I dodał - Trochę skrzydła podcięła nam kontuzja Mateusza Rucińskiego, który właśnie w końcówkach doskonale wiedział do kogo rozegrać, kto jest aktualnym liderem na boisku. Potrafił wykreowac lidera. Tego nie da się nabyć, to trzeba mieć.
Warto jednak podkreślić, że nowosolanie mieli szanse na zdobycz punktową w tym starciu.
- Szkoda pierwszego seta, bo mieliśmy szansę, żeby rozstrzygnąć go na swoją stronę. Podobnie sytuacja wyglądała w drugiej partii. Niestety nie byliśmy w stanie utrzymać równego poziomu do końca seta. W trzeciej partii próbowaliśmy się jeszcze podrwac do walki, ale się nie udało - podkreślił zawodnik MKST Astry.

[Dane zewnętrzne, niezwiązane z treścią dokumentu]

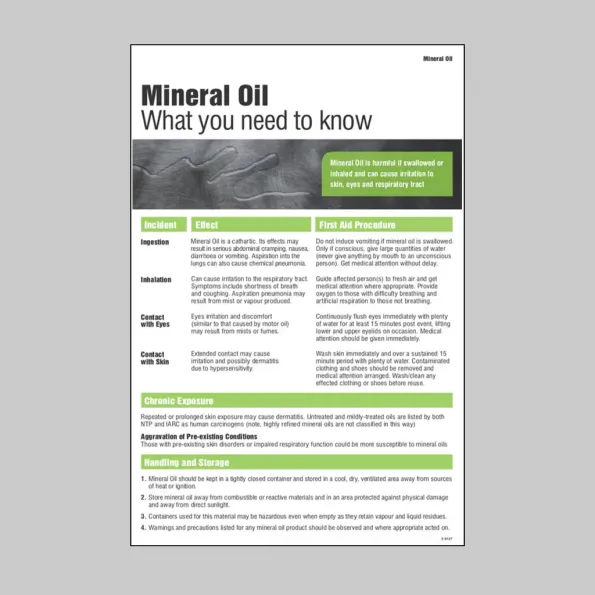Mineral Oil - Poster Mineral Oil - Poster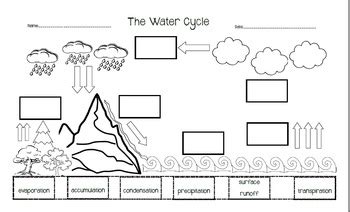 The Water Cycle-Cut and Paste by The Geek Librarian | TPT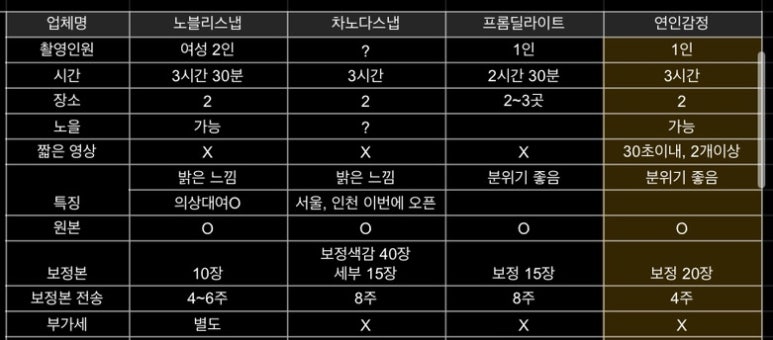 연인감정스냅 이미지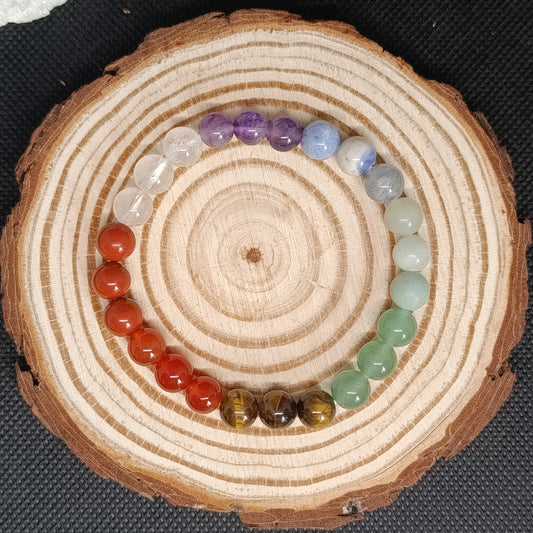Bracelet boule 7 chakras 8mm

W sobotę drużyna prowadzona przez Andrzeja Krzyśko rozegrała pierwszy mecz na nowym obiekcie sportowym wybudowanym przy ulicy Zjednoczenia 21. Jak czuje się zespół w nowym miejscu?
- To piękny obiekt. Cieszę się, że w Nowej Soli możemy pochwalić się taką halą. W naszym regionie to chyba jedna z najlepszych i najprzyjemniejszych do gry. Wszystko jest rewelacyjne - zakończył Brzeziński.